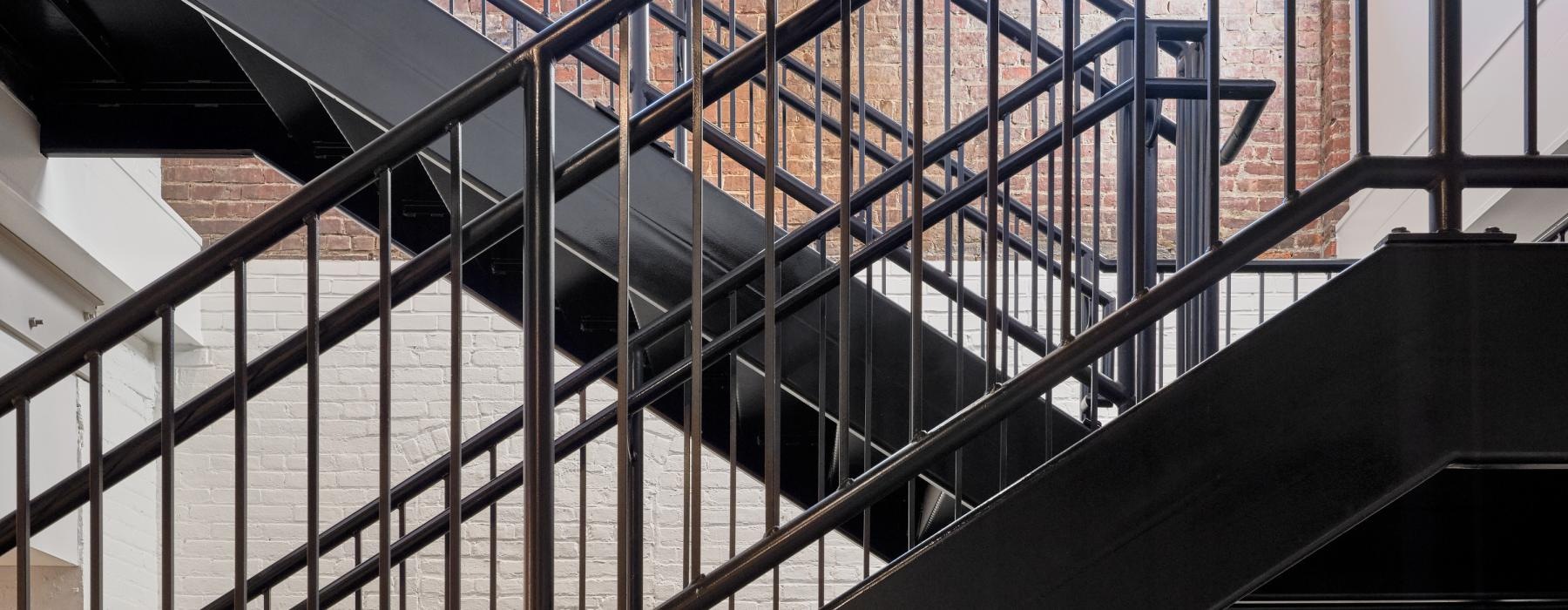 a metal railing with a railing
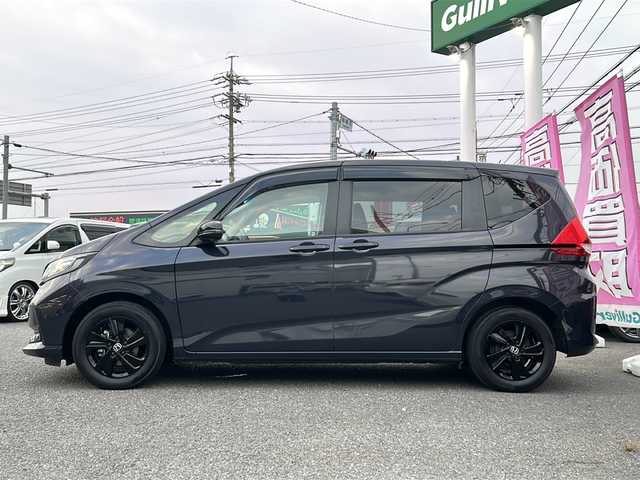ホンダ フリード G ブラックスタイル 愛知県 2023(令5)年 3.3万km トワイライトミストブラックパール /禁煙/ワンオーナー/ディーラー整備記録簿R5.6.7//純正ナビ/フルセグTV/BT/USB/CD/DVD//TVキャンセラー/バックカメラ/ETC//純正前後ドライブレコーダー(DRH-204VD)//両側パワースライドドア//アイドリングストップ//LEDヘッドランプ/オートライト/オートハイビーム//ACC/LKAS/CMBS/RSA//電動格納ウィンカーミラー//純正15インチAW//シートリフト//ECON//ステアリングスイッチ//純正フロアマット//純正ドアバイザー//保証書//取扱説明書//スペアスマートキー有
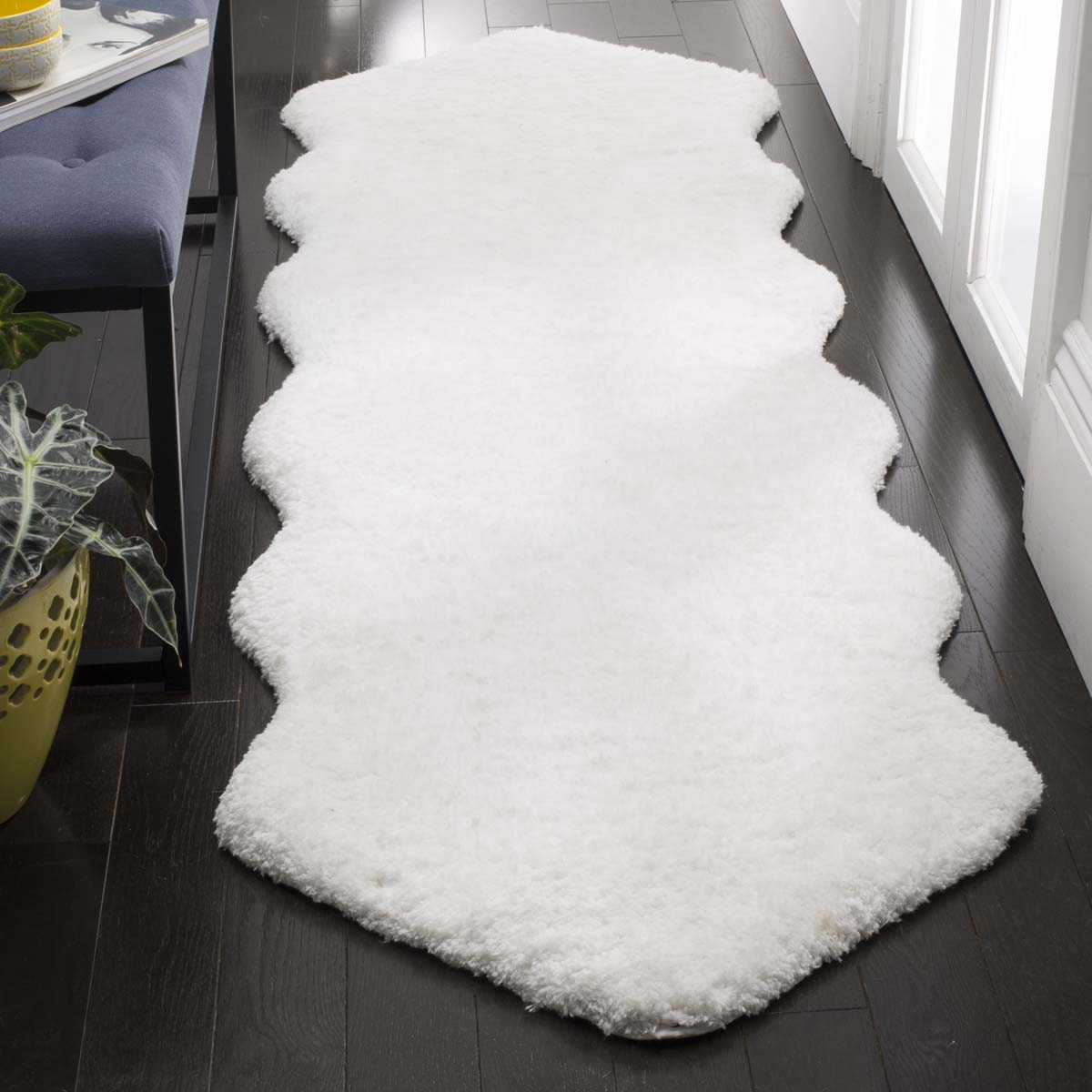 Safavieh Sheep Shag 101 Rug, SSG101 - Ivory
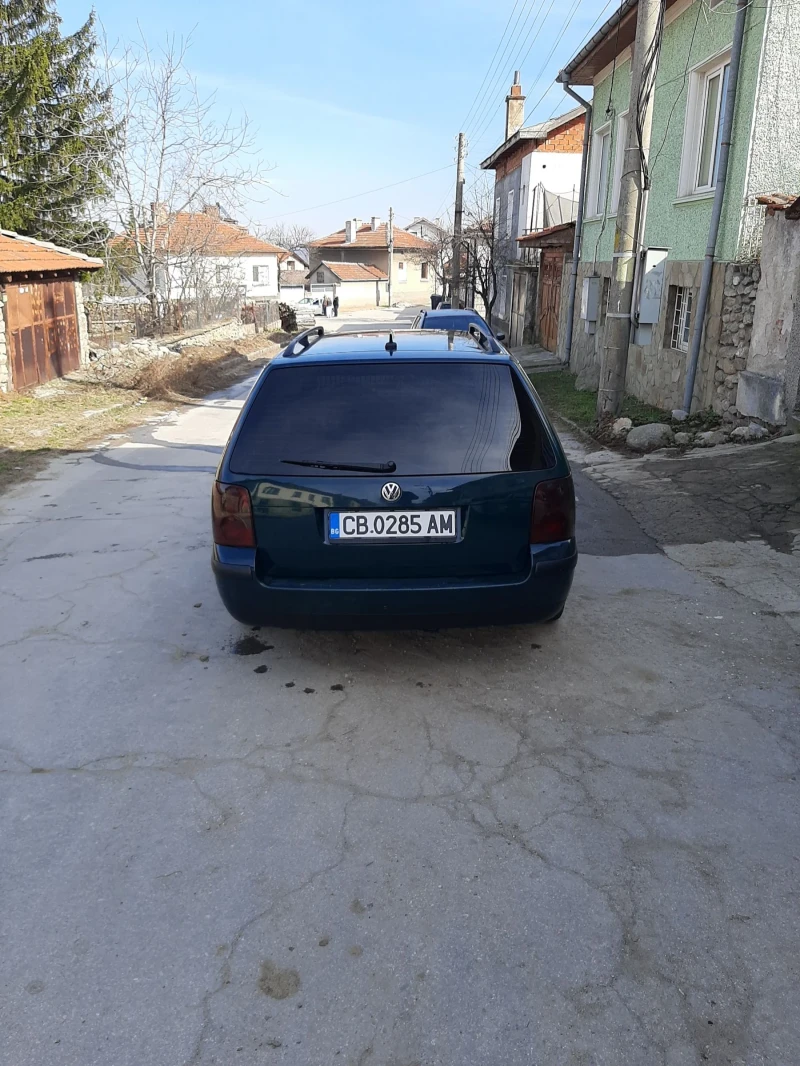 VW Passat, снимка 5 - Автомобили и джипове - 49436483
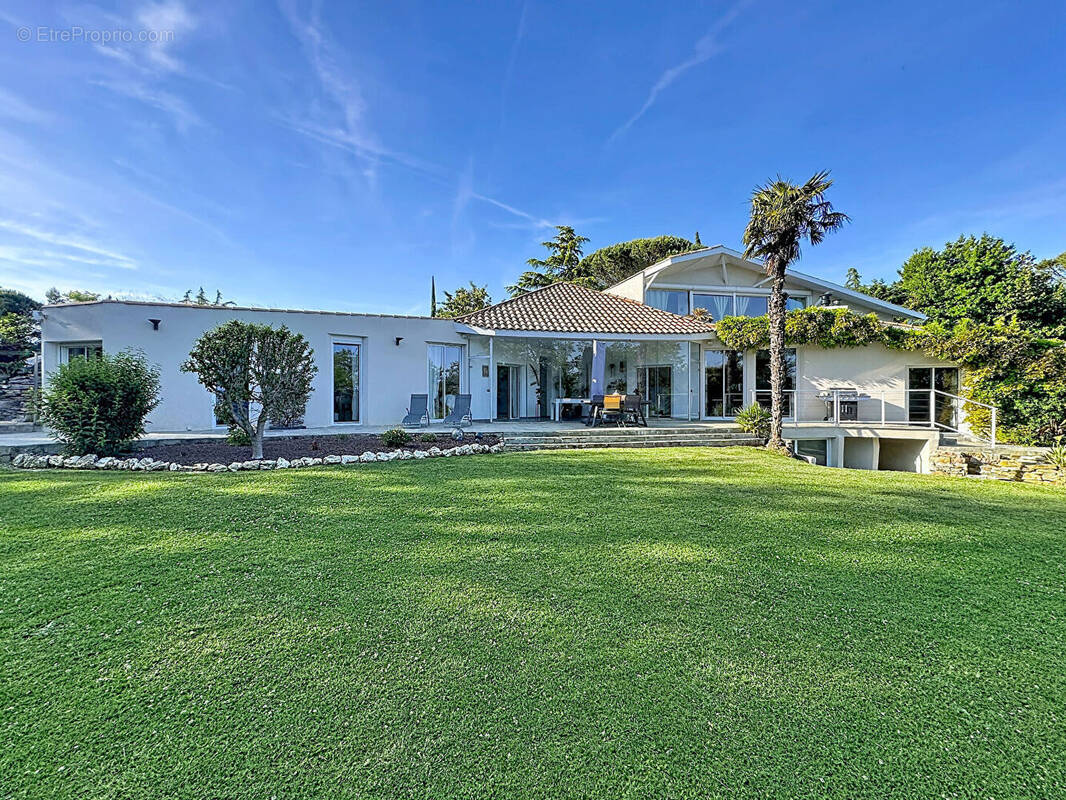 Maison à RAMONVILLE-SAINT-AGNE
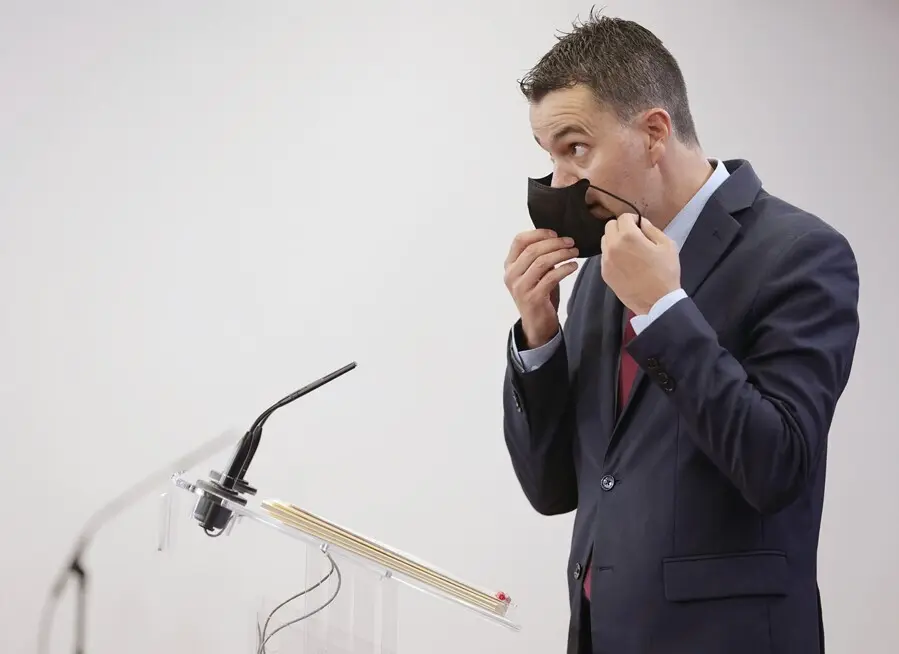El diputado por Tenerife y portavoz del PSOE en el Congreso, H&eacute;ctor G&oacute;mez Hern&aacute;ndez, en una rueda de prensa anterior a una Junta de Portavoces en el Congreso de los Diputados, a 21 de septiembre, en Madrid (Espa&ntilde;a).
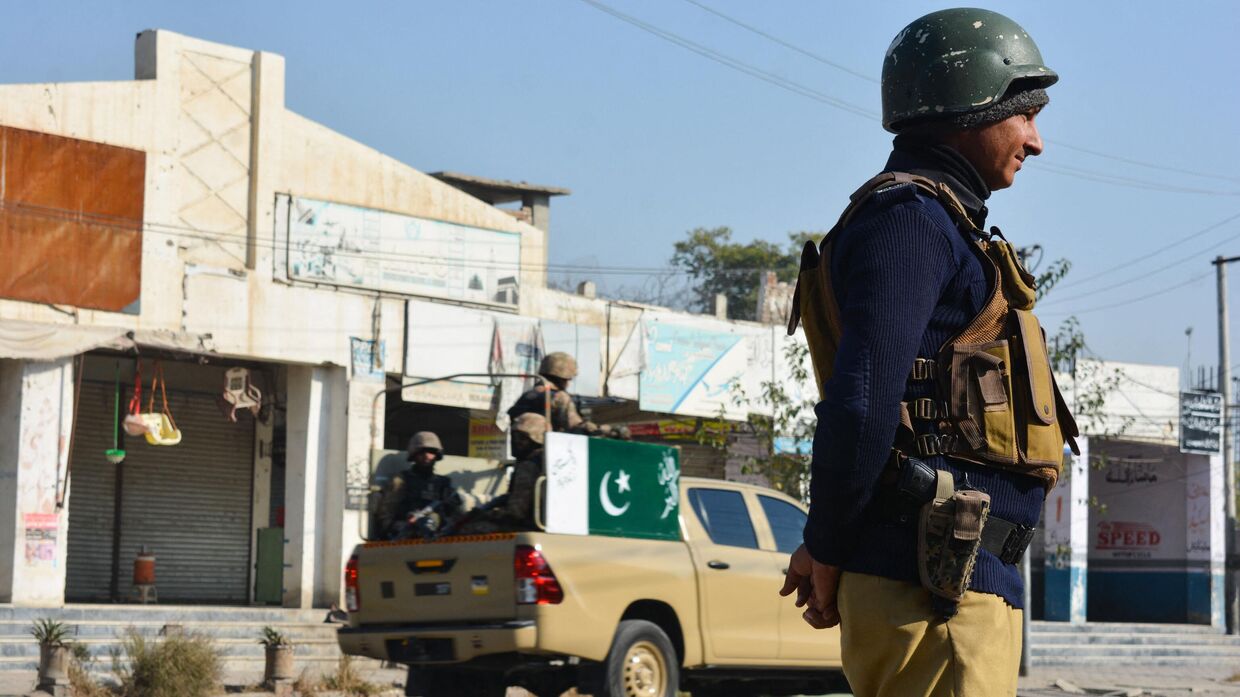 Полиция в Банну, Пакистан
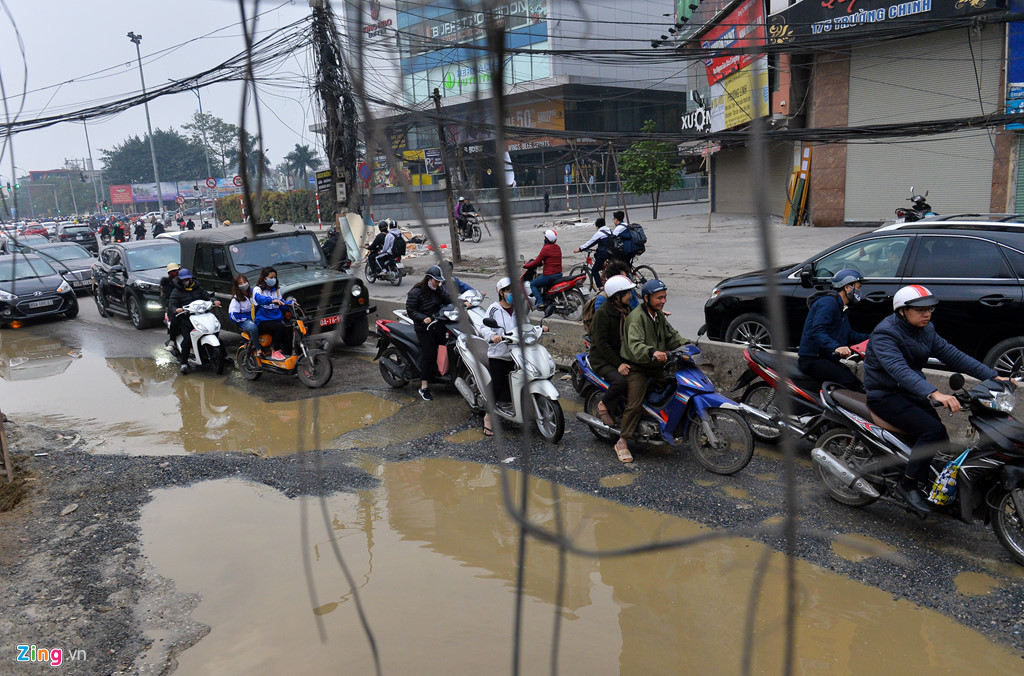 Tuy nhiên, trong thời gian thi công, đường Trường Chinh (đoạn giao với Lê Trọng Tấn) bị hỏng. Nhiều “ổ voi” xuất hiện, đe doạ sự an toàn của người đi đường.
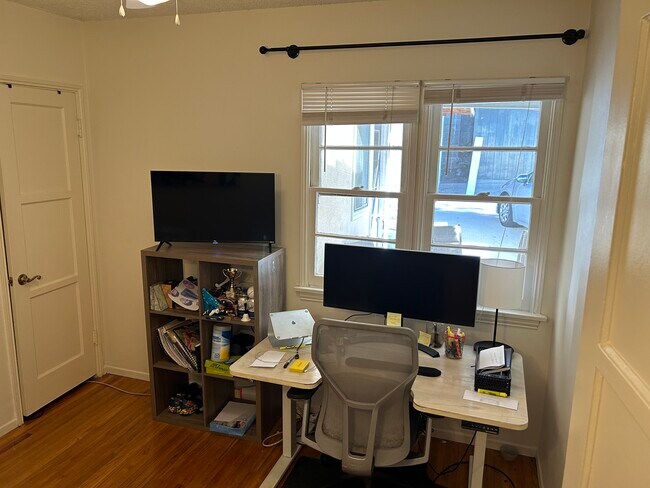 Building Photo - 638 Sheldon St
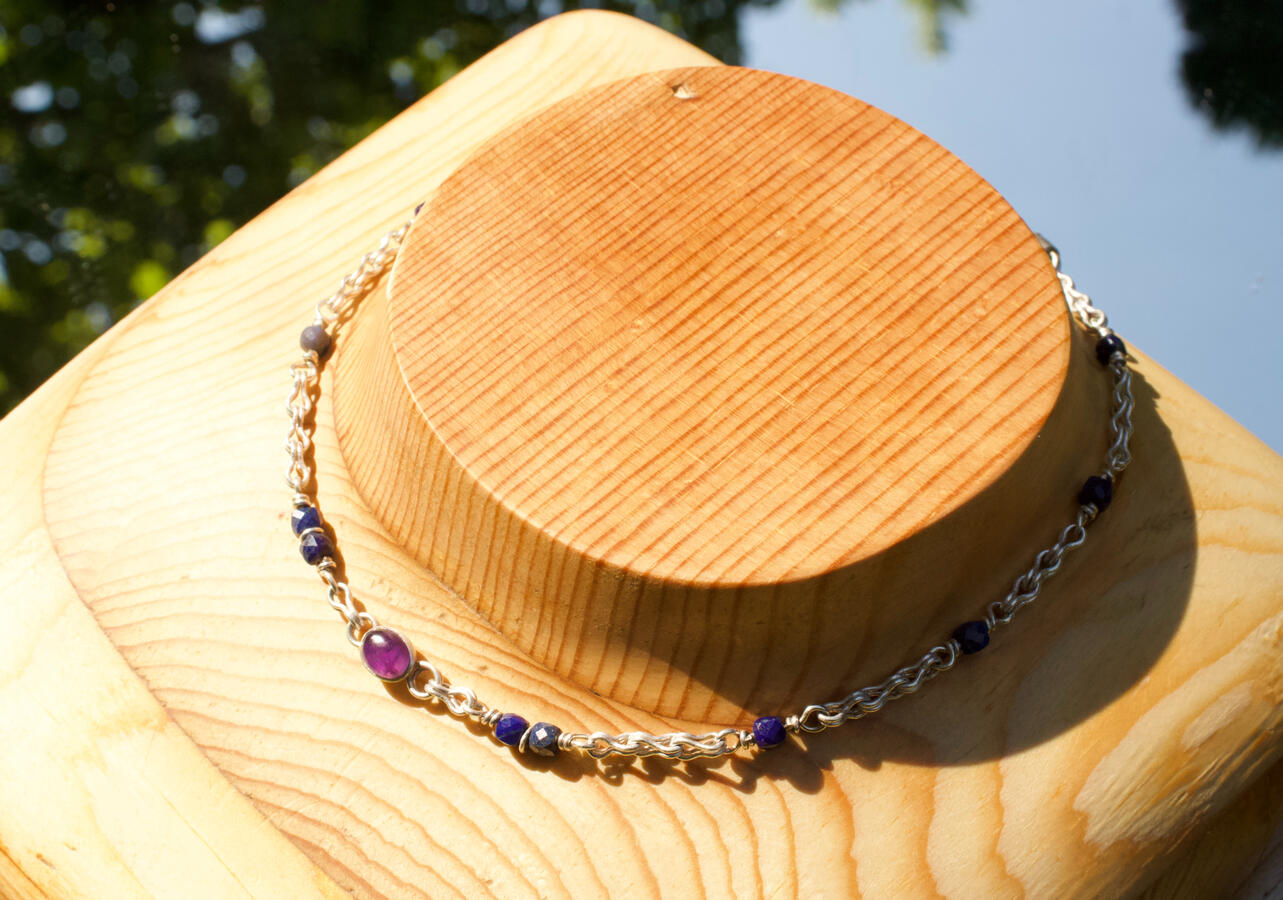 Pinched Loop-in-Loop with Lapis Lazuli Beads &amp; Amethyst Necklace in Pure Silver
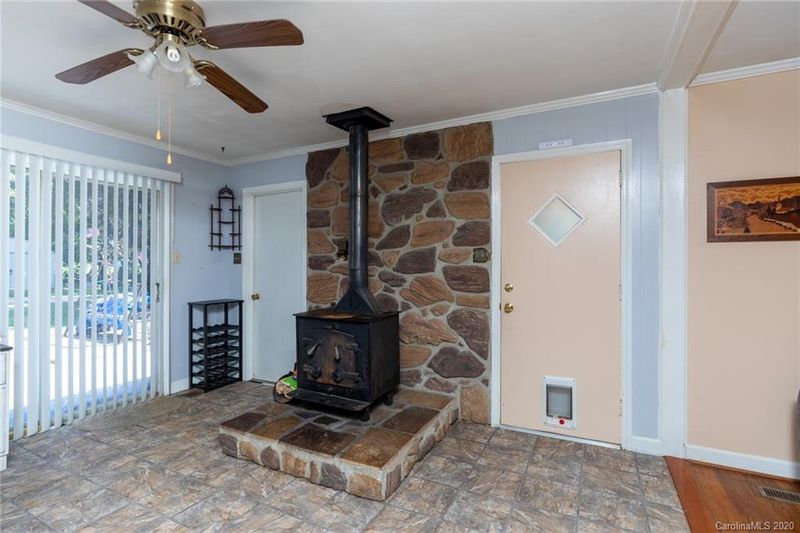 121 Hollybrook Dr, Great Falls, SC 29055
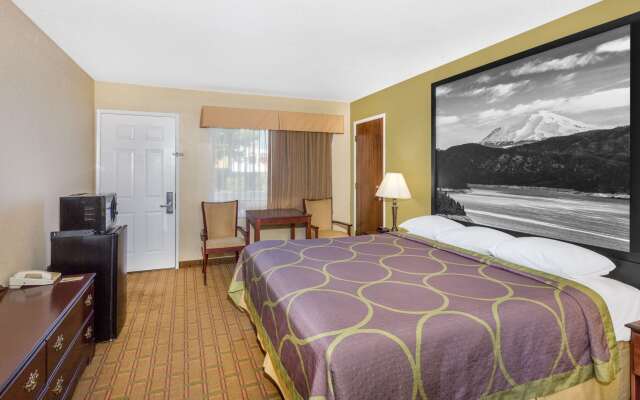 Super 8 by Wyndham Corning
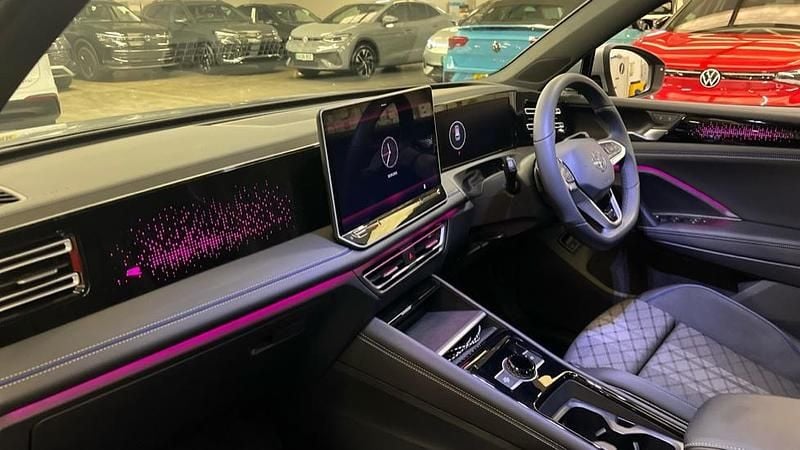 Used VW Tiguan R-line 204 HP (150 kW) 2026 Oyster silver metallic SUV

• _TASK DESCRIPTION_
How would the lines above read from the one with "Полиция в Банну, Пакистан" to the one with "121 Hollybrook Dr, Great Falls, SC 29055", inclusive, with no pictures? Write them out exactly.

• _RESPONSE_
 Полиция в Банну, Пакистан
 Tuy nhiên, trong thời gian thi công, đường Trường Chinh (đoạn giao với Lê Trọng Tấn) bị hỏng. Nhiều “ổ voi” xuất hiện, đe doạ sự an toàn của người đi đường.
 Building Photo - 638 Sheldon St
 Pinched Loop-in-Loop with Lapis Lazuli Beads &amp; Amethyst Necklace in Pure Silver
 121 Hollybrook Dr, Great Falls, SC 29055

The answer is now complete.